In most of Green’s films, particularly the southern-based Real Girls, adults are impaired by their own self-destructive immaturity. They are forced to break apart their lives in order to grow into kinder and more tolerable human beings. Unlike directors such as Noah Baumbach (The Squid and the Whale) and Todd Fields (Little Children) who structure their characters based on personality flaws too terrible to overcome, Green instills his actors with an enormous range of empathy. He successfully interweaves issues of sex, loss and love into each characters’ independently-defined personalities with meticulous and unfettered attention to detail.
Green doesn’t always hone a believable sense of dimensionality within all of his actors-Real Girl’s star Zooey Deschanel comes across as flat and undeveloped-but when Green gets it right, he is able to break free of genre-inflicted clicheacute;s and instill a sense of purity within his characters that make his films effortlessly naturalistic.
Comparisons between Green and Terrence Malick (Days of Heaven, The New World) are unavoidable.
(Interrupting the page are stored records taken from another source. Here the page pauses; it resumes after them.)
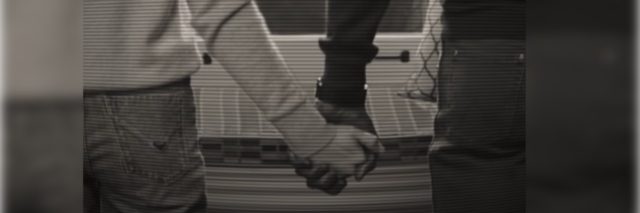 Screenshot from WandaVision where Vision and Wanda hold hands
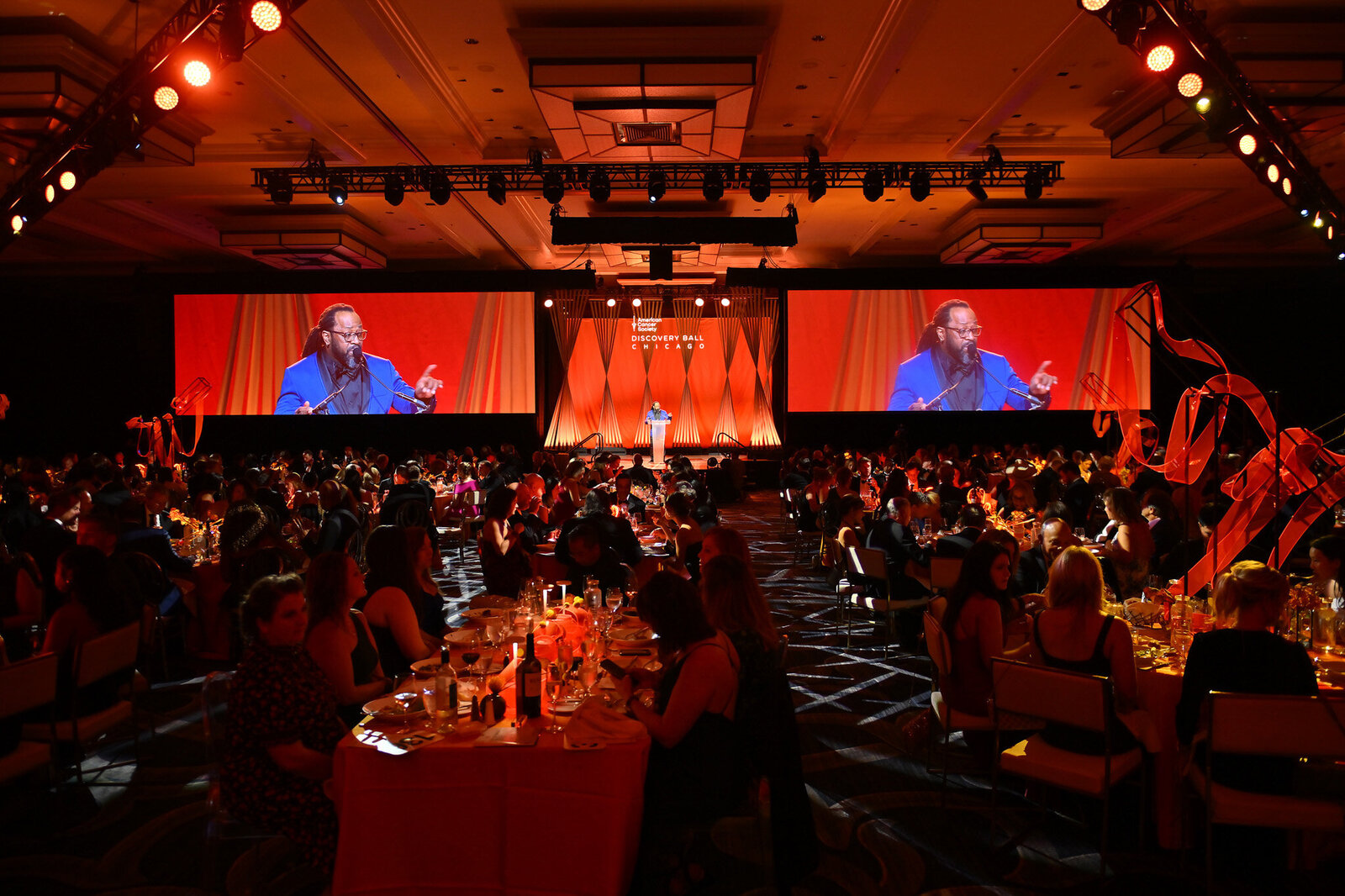 Speaker on stage at a formal dinner event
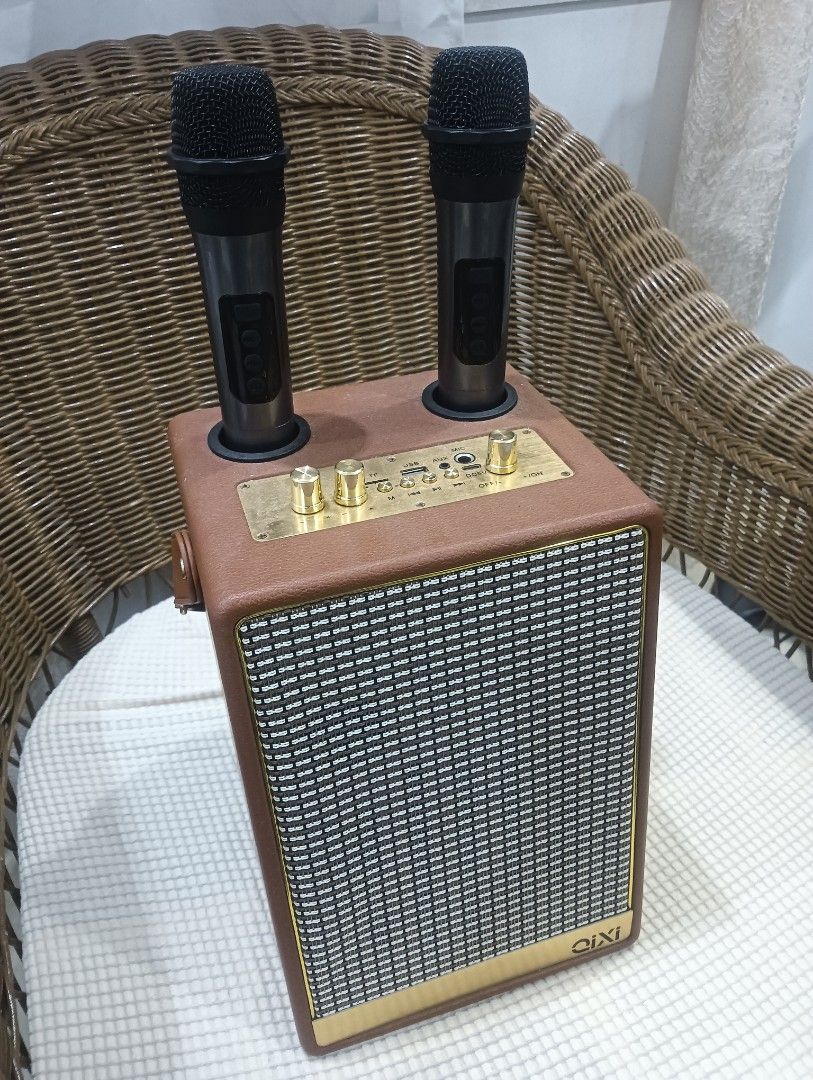 Portable Karaoke Speaker with Microphones (Category: Soundbars, Speakers & Amplifiers) located in Quezon City. Submitted by dizeshop (Listing ID 1432810273, Image 1). Description: - Portable karaoke speaker - Includes two microphones - Features control knobs for volume and settings - Stylish brown leather-like exterior - Gold-colored control panel and accents - Built-in speaker - Microphone slots declutter/moving out location: flora vista Quezon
Both directors observe human relationships in austere settings, investigating atmosphere and slowly developing the poetic scope of nature. But while Malick makes films with an epic concept in mind, Green is more interested in simple humanity. It is for this reason that audience members and film buffs alike have grown to love the director’s vision and why Snow Angels is so eagerly anticipated by the film community.
If his newest film is able to deepen the themes so beautifully evoked in his previous projects, Green will prove himself an auteur in his own right and undoubtedly remedy Hollywood blandness with his striking visual palette and profound understanding of ordinary day-to-day existence.